Only some lines are wanted: please transcribe exactly those from the one containing "Шкаф - пенал" through the end of the data, pictures excluded.

__DATA BELOW__:
- - - - - - -
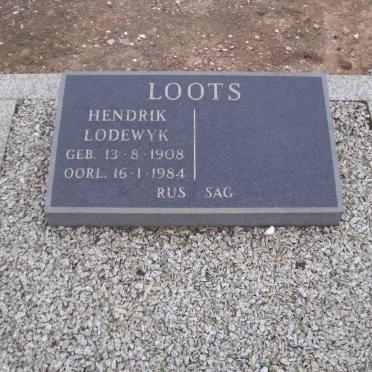 LOOTS Hendrik Lodewyk 1908-1984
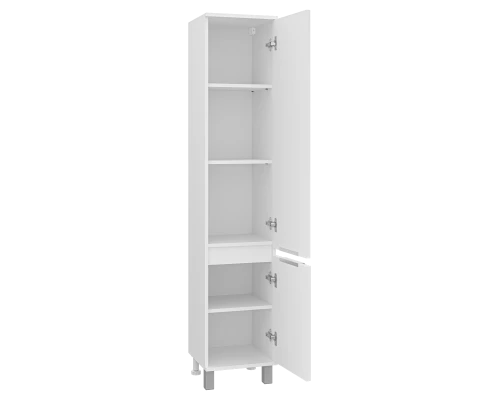 Шкаф - пенал Brevita Enfida - 35 универсальный правый (белый)
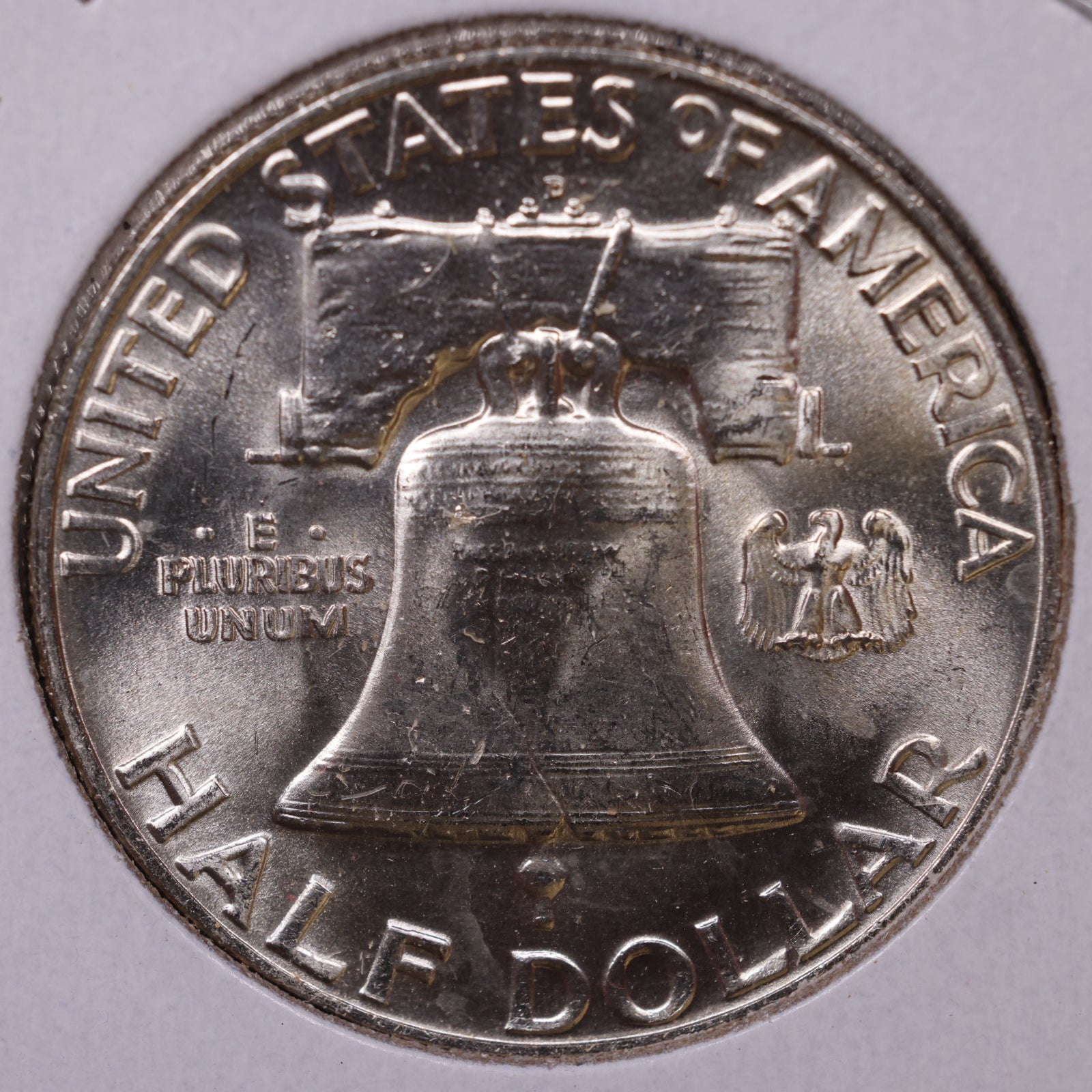 1952-D Ben Franklin Half Dollar, Mint State Uncirculated Coin, Store #HR1547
- - - - - - -
__COMPLETED TASK__:
 Шкаф - пенал Brevita Enfida - 35 универсальный правый (белый)
 1952-D Ben Franklin Half Dollar, Mint State Uncirculated Coin, Store #HR1547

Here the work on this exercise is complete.